Blog

Enhancing Model Performance and Stability with Multiple Loss Functions

By Nick Barlow

Feb 6, 2024 | 3 minutes read
Share this:

Series: quickstart

Tags: features, blog

In my recent work on a greyhound racing prediction model, I’ve discovered an effective technique to not only increase the model’s performance but also stabilize it and reduce overfitting. This technique involves the use of multiple loss functions.

Traditionally, a single loss function is used to train a model. The model’s parameters are adjusted to minimize this loss, which is a measure of the difference between the model’s predictions and the actual data. However, in complex tasks like greyhound racing prediction, a single loss function may not capture all the nuances of the problem.

In my model, I used three different targets for the loss function, each focusing on a different aspect of the data:

  1. Margin as a softmin tensor: The margin of victory in a race is a direct measure of how well each dog performed. By converting this margin to a softmin tensor, we transform the margins into a set of probabilities that sum to 1. The dog with the smallest margin (i.e., the winner) will have the highest probability. This target tensor directly relates to the outcome of the race and is crucial for the model to learn the relationship between the input features and the race outcome.

  2. One-hot encoded win: This tensor represents the actual winner of the race. Each dog is represented by a binary value in the tensor, with the winner having a value of 1 and all others having a value of 0. This target tensor is essential for the model to learn to predict the categorical outcome of the race, i.e., which dog will win. It provides a clear and unambiguous target for the model to aim for.

  3. Starting prices as probabilities: The starting prices in a race can be seen as the inverse of the market’s perceived probability of each dog winning. By converting these prices to probabilities, we create a target tensor that represents the collective opinion of the betting market. This tensor is important for the model to learn to take into account the same factors that bettors consider when placing their bets. It provides a different perspective on the race outcome, complementing the other two target tensors.
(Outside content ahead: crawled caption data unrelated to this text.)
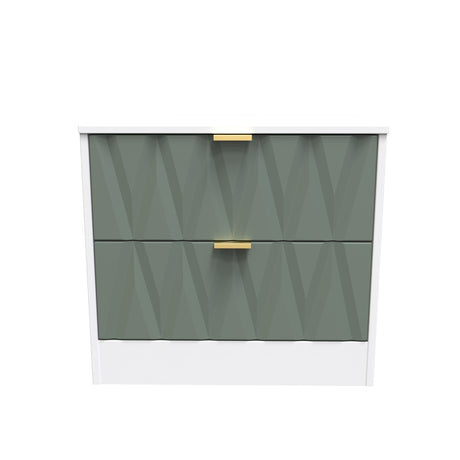 Las Vegas (Black Handles) 2 Drawer Midi Chest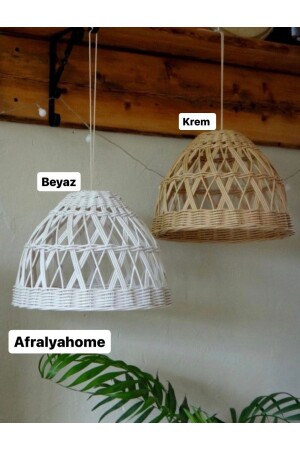 Bohem Sarkıt Avize Rattan Avize Bambu Hasır Avize Salon Mutfak Özel Üretim Avize(duy Dahil) TYC00805180545 - 1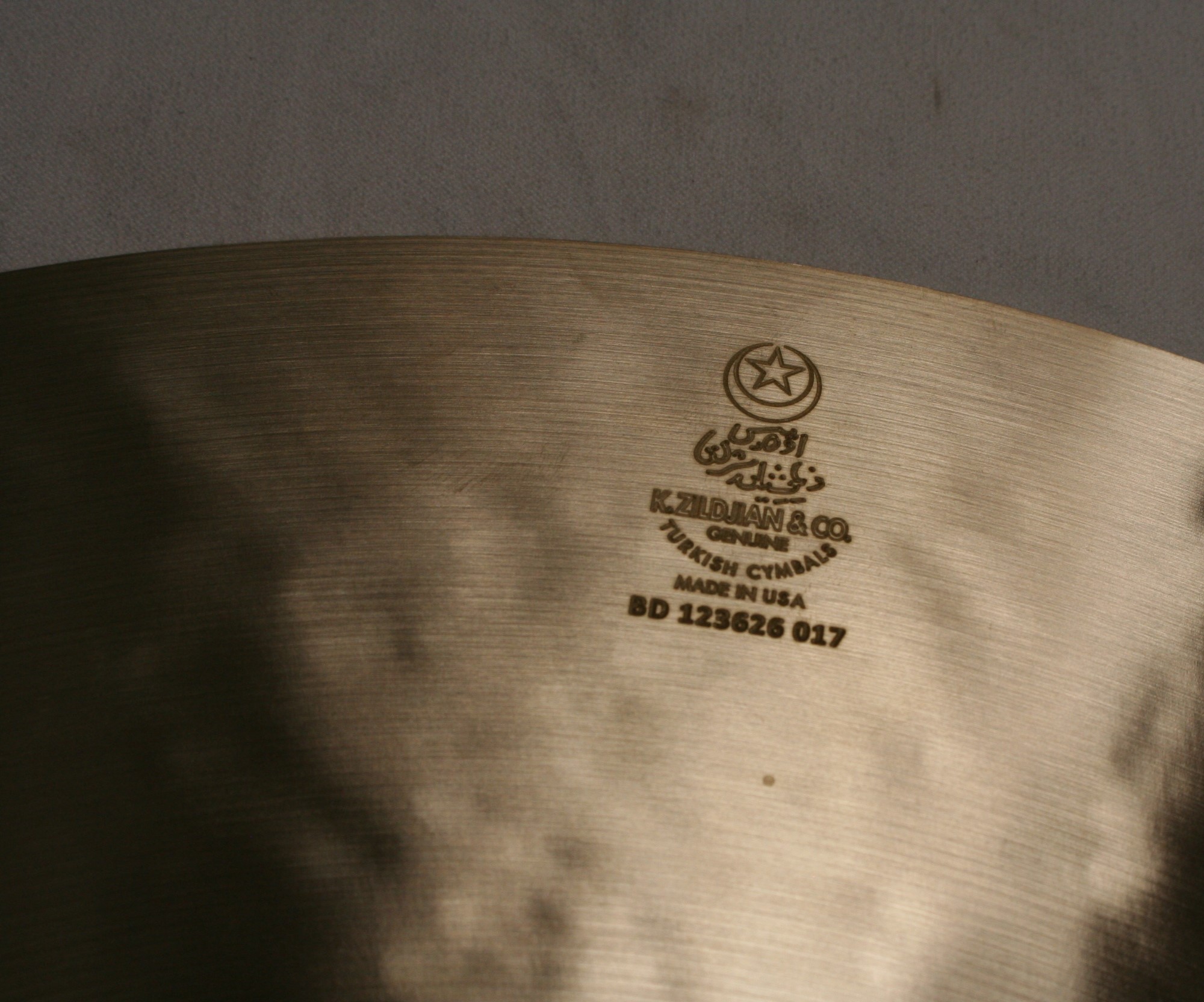 zildjian K 19 dark thin crash 1533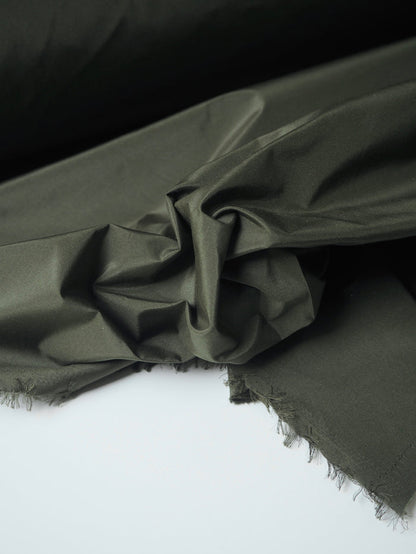 Olive Silk/Cotton Taffeta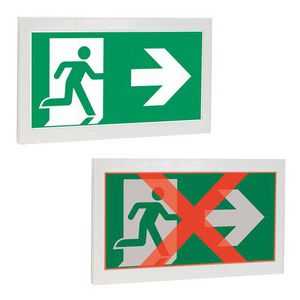 Noodverlichting wand opbouw centraal adaptieve evacuatie DX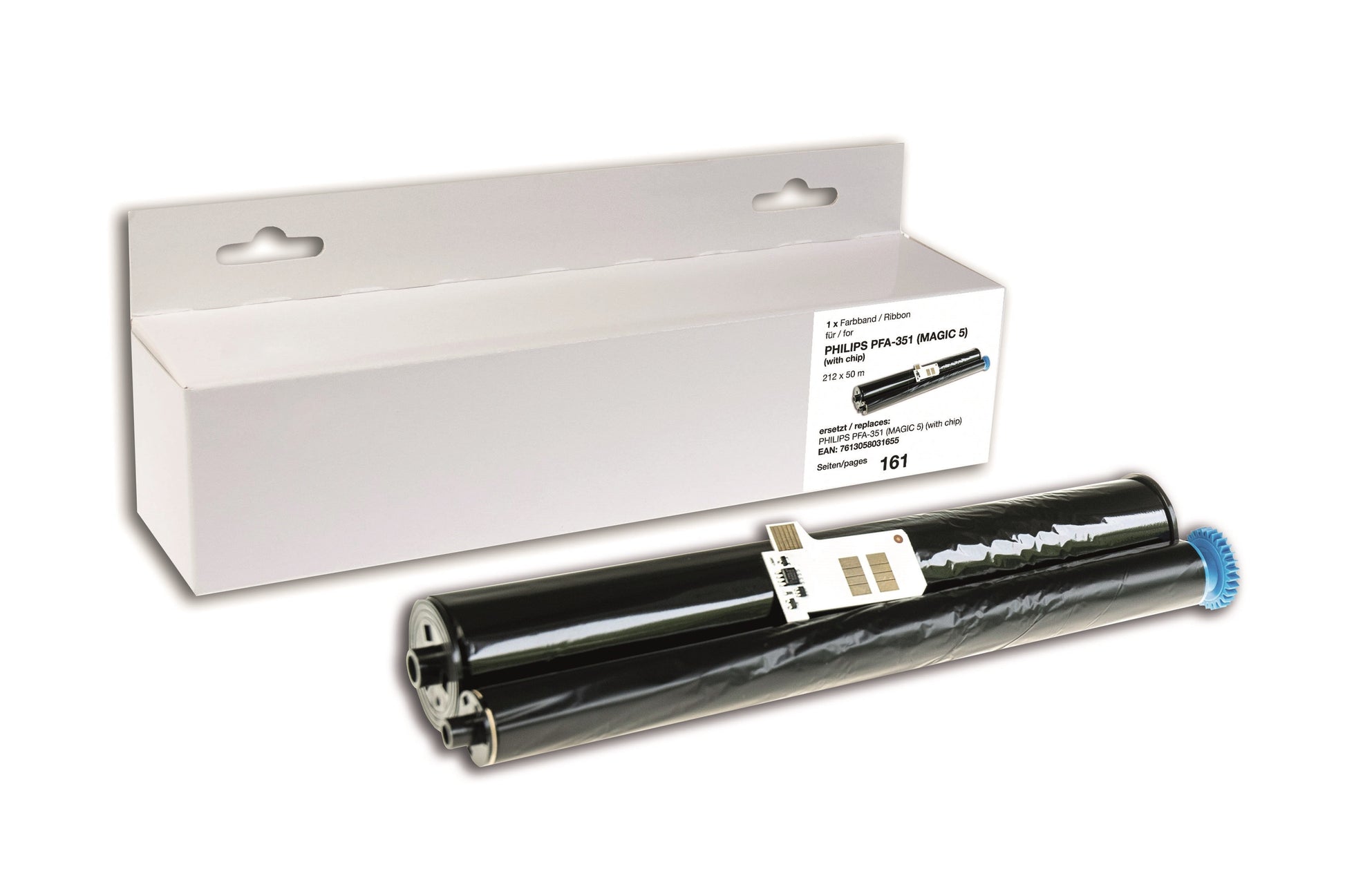 Neutral Fax-Farbband, Schwarz, für Philips Magic 5, 165 Seiten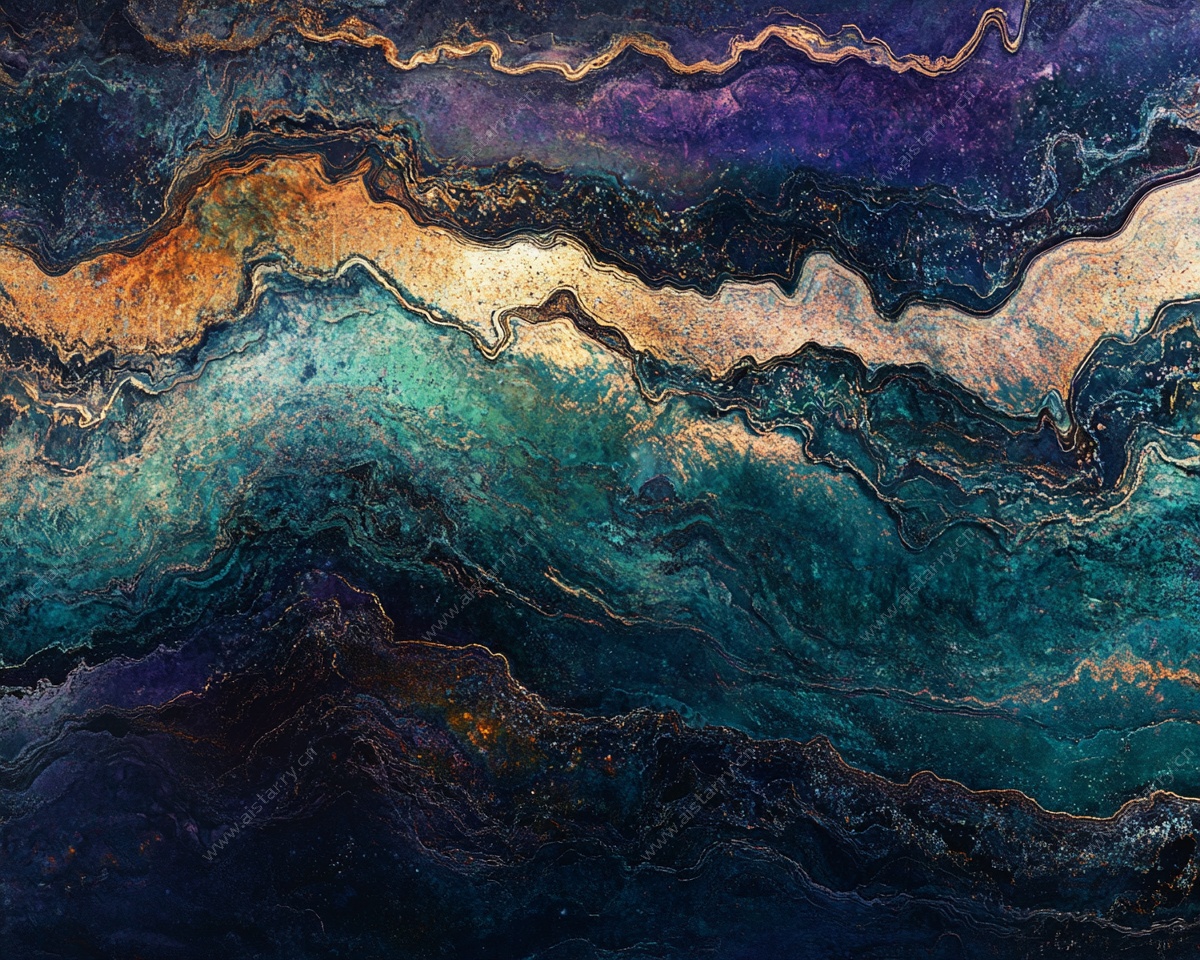 梦幻流体艺术纹理图案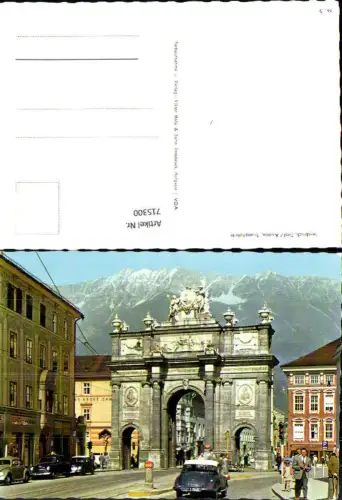715300 Foto AK Innsbruck Tirol Triumphpforte VW Käfer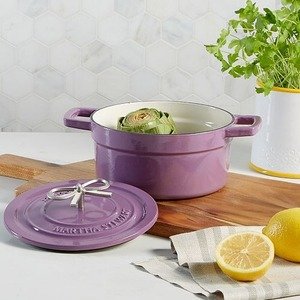 Martha Stewart Collection Enameled Cast Iron Cookware on Sale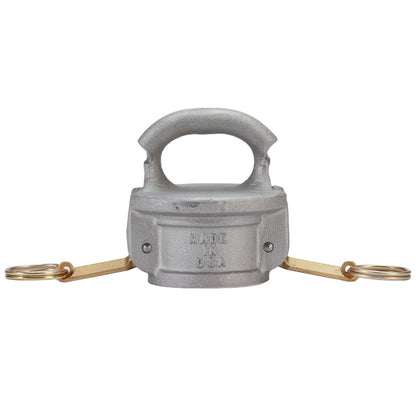 Aluminum 3" Female Safety Bump Cap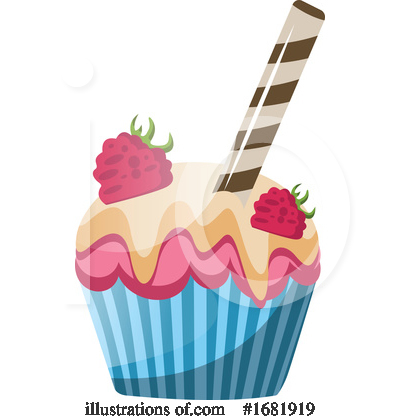 Royalty-Free (RF) Cupcake Clipart Illustration by Morphart Creations - Stock Sample #1681919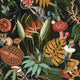 Wonderland Tropical Black Wallpaper by Holden Decor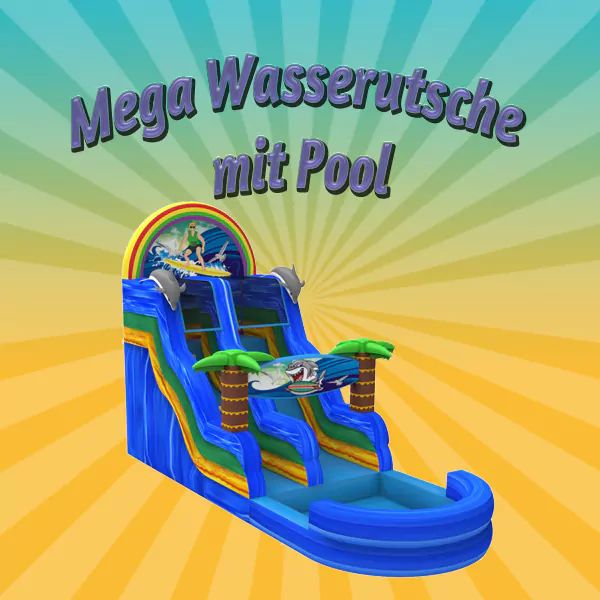 Mega Wasserrutsche mit Pool mieten – Leipzig, ab 219 €/Tag
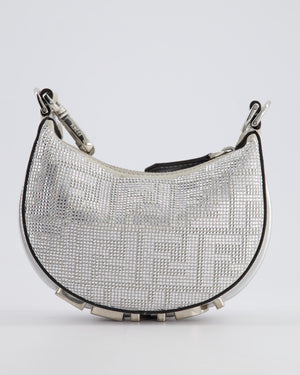 Fendi FW/24 Silver Fendigraphy Crystal FF Logo Nano Bag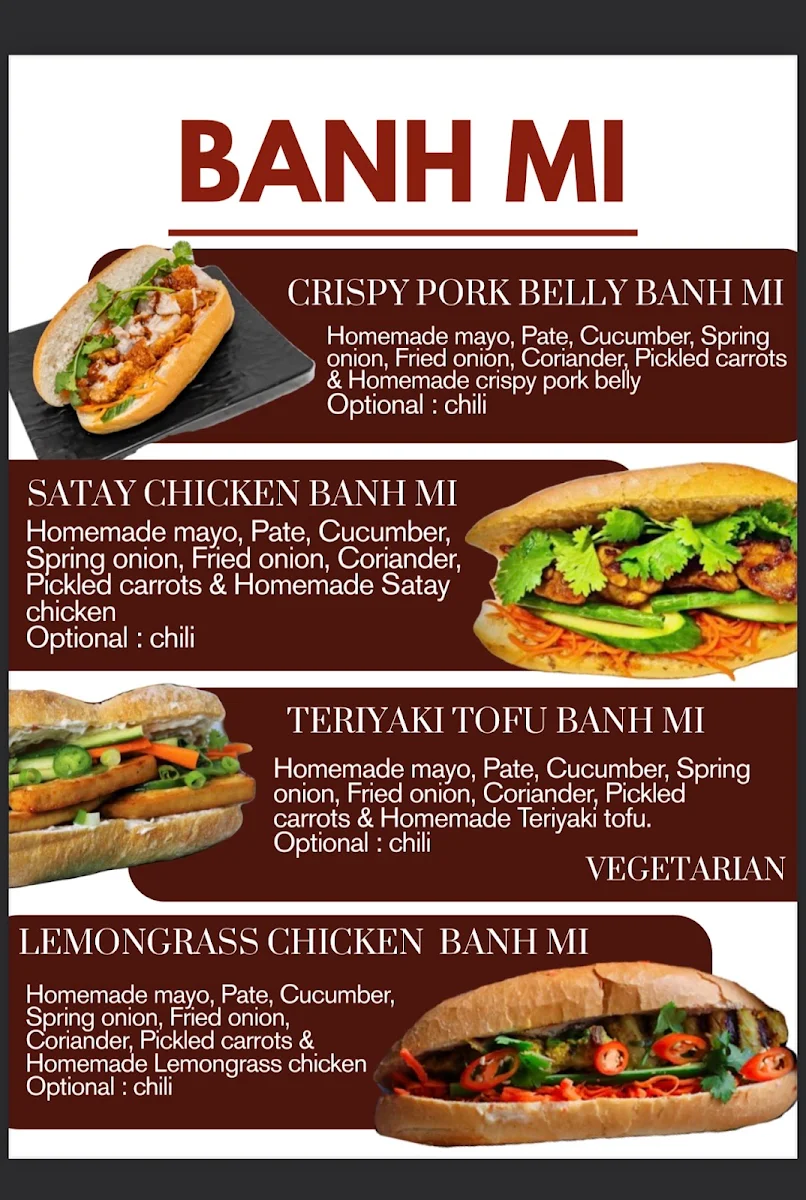Menu, Mitcham Bakery & Cakes
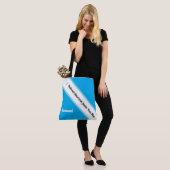 Pageant Essentials Custom Crown and Sash Tote Tote Bag (Op model)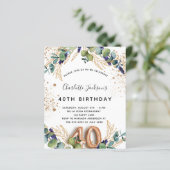 Papier Budget 40e anniversaire eucalyptus parties scintil (Debout devant)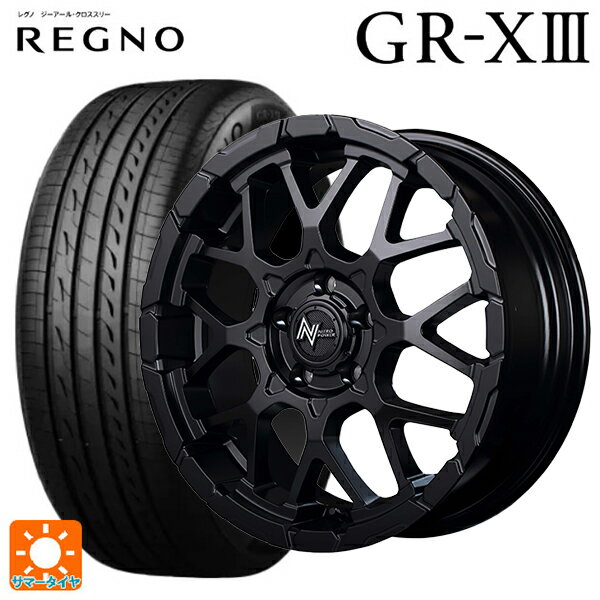 225/45R18 95W XL ブリヂストン レグノ GR-X3 正規品 エムアイディー ナイトロパワー M28バレットエス(訳あり) セミグロスブラック 1...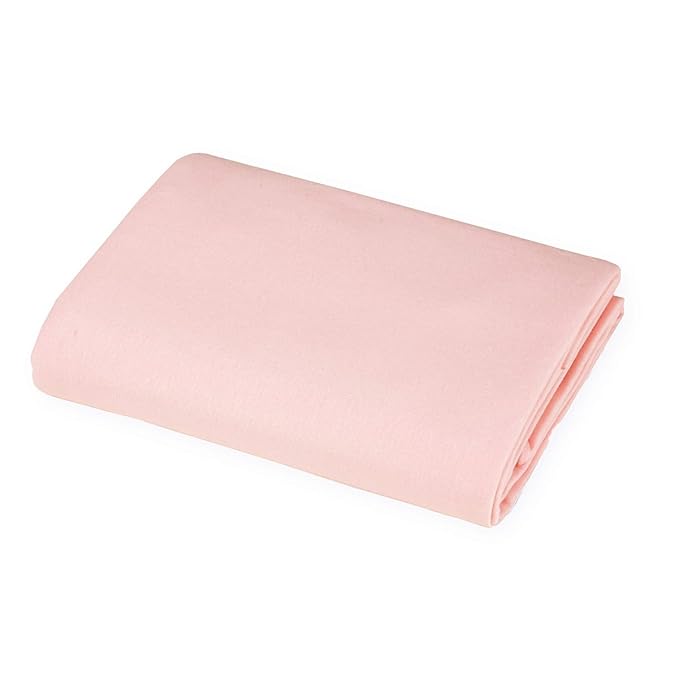 American Baby Company 100% Natural Cotton Fitted Pack and Play Sheet 39" x 27" - Soft & Breathable Pack N Play Sheet for Playpen, Playard & Mini Crib Mattress, Blush, for Boys & Girls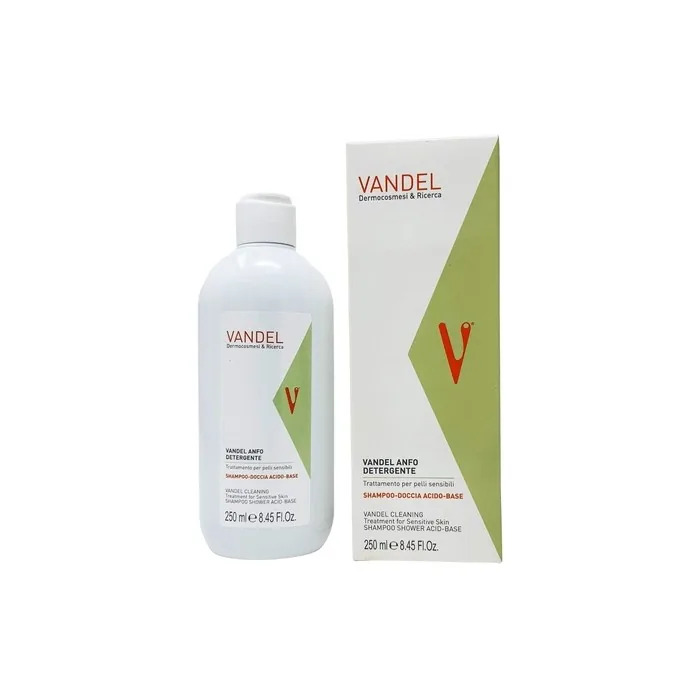 Shampoo and Shower Vandel Anfo Cleansing For Sensitive Skin 250ml Made in Italy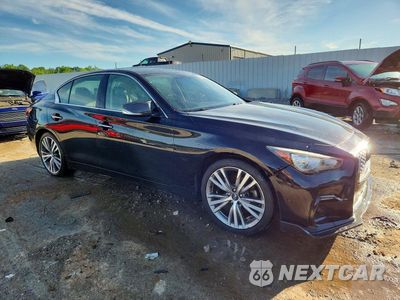 Czwarte zdjęcie samochodu z boku: 2018 INFINITI Q50 3.0T LUXE VIN:JN1EV7AR5JM439978 - miniatura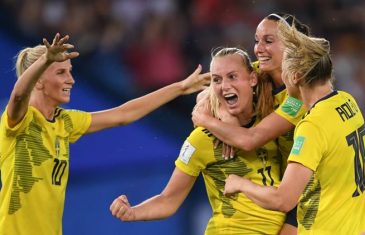 คลิปไฮไลท์ฟุตบอลหญิง ชิงแชมป์โลก 2019 สวีเดน 1-0 แคนาดา Sweden (w) 1-0 Canada (w)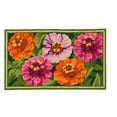 Indoor/Outdoor Hooked Rug, Zinnia 42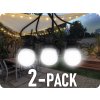 LED světelný řetěz, 5m, 10x0.4W, 550lm, IP44, 3000K/2-PACK!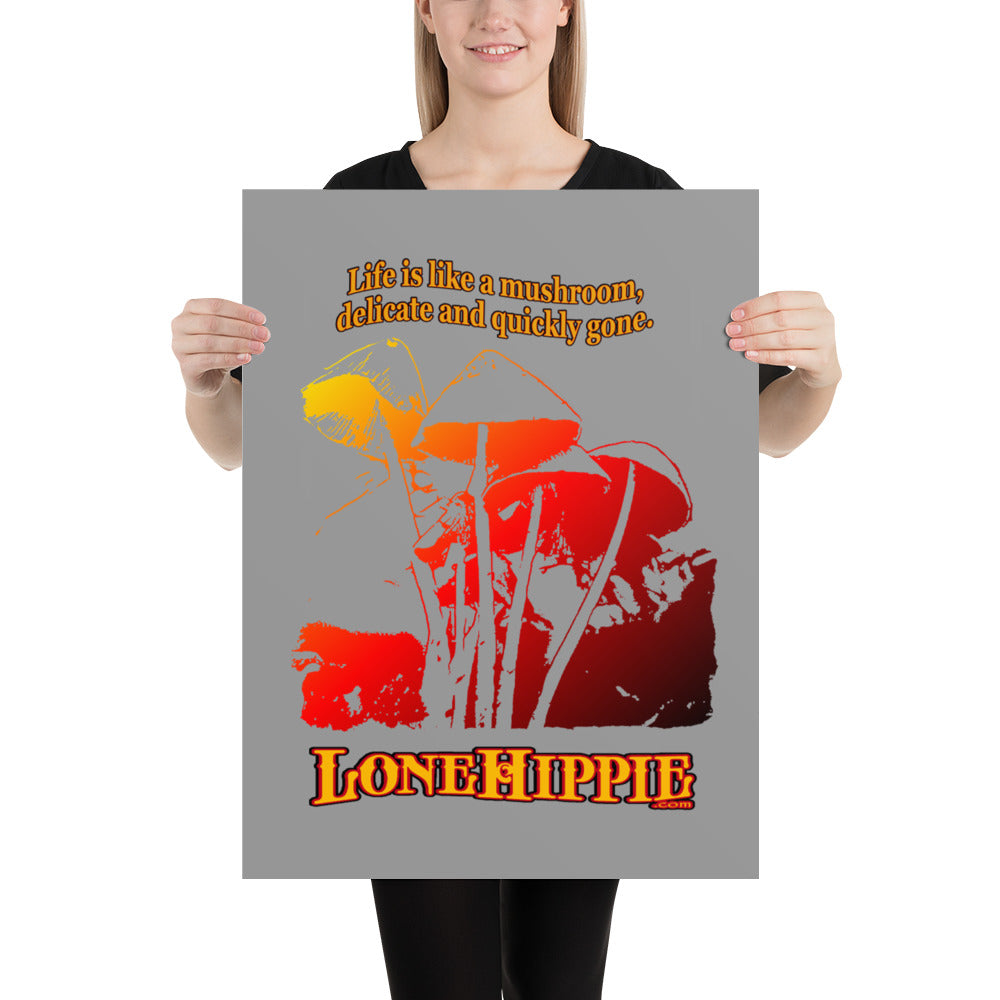 Mushroom Poster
By training the model to predict all three target tensors, we enable it to learn different aspects of the problem and make more accurate and nuanced predictions. Each tensor contains unique information about the race outcome, and by combining them, we can create a model that is more robust and capable of generating more accurate probabilities.

#Single Target Loss
epoch_loss = criterion(output, y)
optimizer.zero_grad()
epoch_loss.mean().backward()
optimizer.step()
#Multiple Target Loss
epoch_loss = criterion(output, y)
epoch_loss_ohe = criterion(output, y_ohe)
epoch_loss_p = criterion(output_p, y_p)
optimizer.zero_grad()
(epoch_loss_p+epoch_loss_ohe+epoch_loss).mean().backward()
optimizer.step()

By training the model to minimize all three loss functions simultaneously, it learns to make predictions that are accurate in multiple respects. This not only improved the model’s performance on the main metric (loss to margin) but also made the model more stable and less prone to overfitting.

My Image

This also translates directly to an increase in validation accuracy on the prediction outcomes:

My Image

This approach of using multiple loss functions can be applied to other complex prediction tasks as well. It’s a powerful way to make your model learn from different perspectives and thus make more accurate and robust predictions.